Family-centered care (FCC) is an approach to planning and coordinating care that ensures comprehensive health management for children and families and is individualized to meet the needs of each family (Committee on Hospital Care and Institute for Patientand Family-Centered Care, 2012; National Association of Pediatric Nurse Practitioners [NAPNAP] Health Policy Committee, 2015). High-quality FCC has been shown to improve health-related resource utilization and reduce costs (Cox, Buman, Woods, Famakinwa, & Harris, 2012; DeVries et al., 2012; Long, Bauchner, Sege, Cabral, & Garg, 2012; Romaire, Bell, & Grossman, 2012). Although not specific to depression, family-based approaches within primary care have the potential for effectively intervening with families affected by parental depression (Beardslee, Gladstone, Wright, & Cooper, 2003). More data are needed to better understand the role of specific models of care, such as FCC, in the provision of optimal care and targeted anticipatory guidance for families in which one or more parent experiences depression. However, previous examinations of data contained within the National Survey of Early Childhood Health (NSECH) 2000 dataset did not adjust for this important potential confounder when examining the relationship between parental depression and parenting behaviors (Blumberg & O'Connor, 2004; Kogan et al., 2004; Mistry, Stevens, Sareen, De Vogli, & Halfon, 2007; Regalado, Sareen, Inkelas, Wissow, & Halfon, 2004).
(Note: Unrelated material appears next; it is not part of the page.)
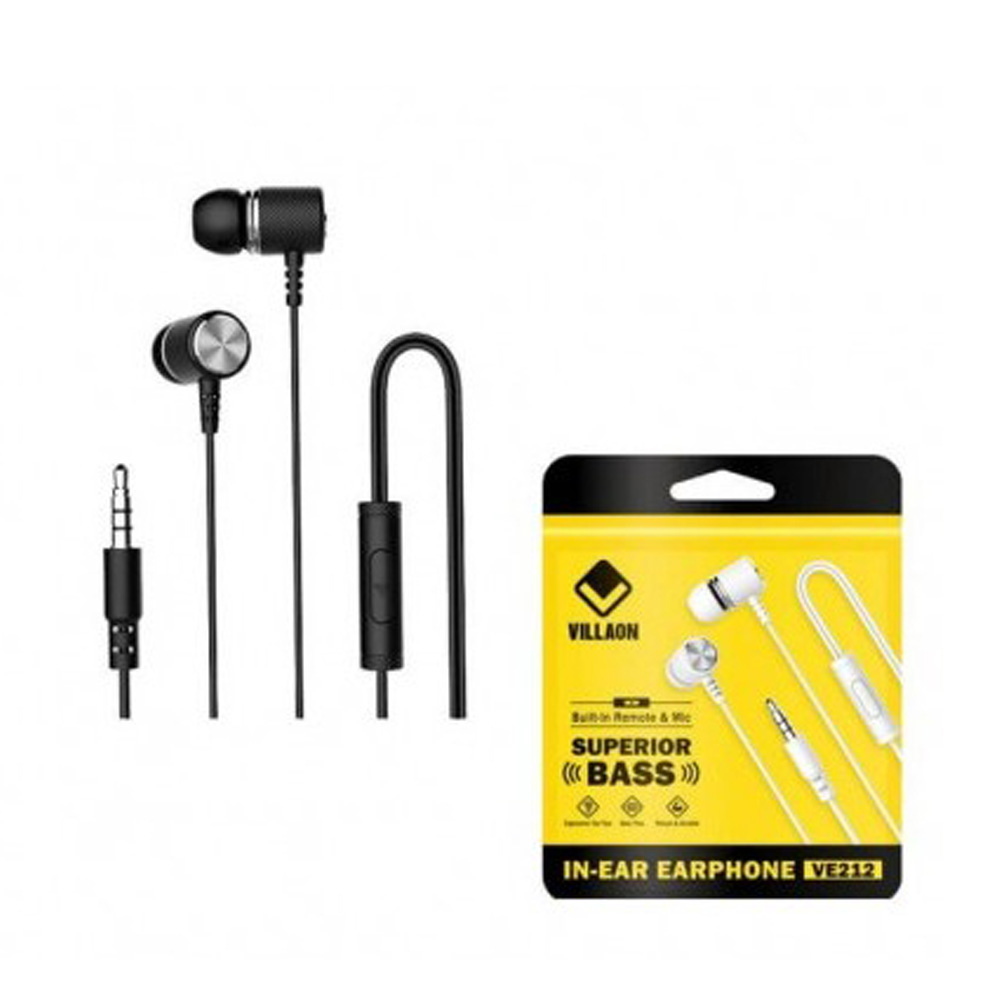 Villaon In-Ear Earphone Superior Bass Black (VE-212)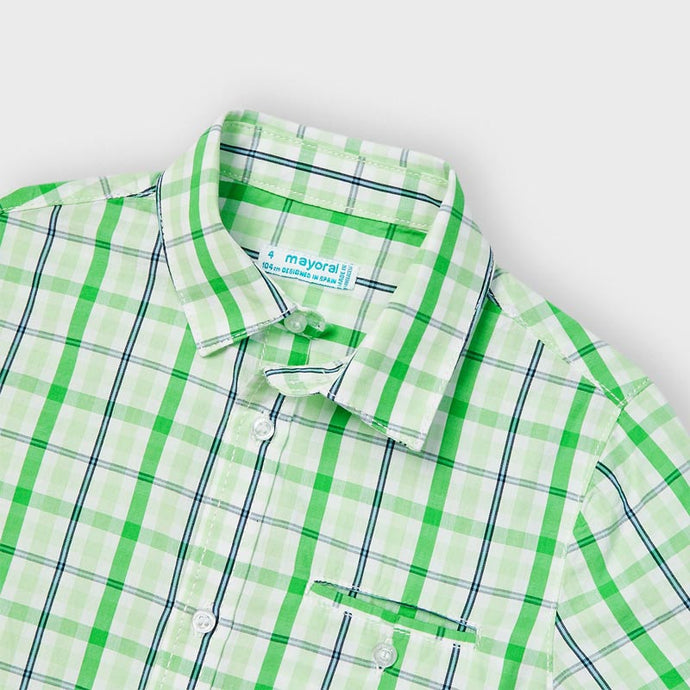 Boys green and white checked shirt. Mayoral boys shirt  3123. Boys green plaid shirt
The current study evaluated whether parental depression independently predicted specific parenting behaviors (routines, enrichment, punitive disciplinary behaviors, positive disciplinary strategies, and home safety [childproofing]) after adjusting for FCC and traditional risk factors (coping, social support, and ethnicity). Our hypothesis is that the association of suboptimal parenting among caregivers who experience depressive symptoms would be lessened if the family received FCC delivered in the context of a primary care home.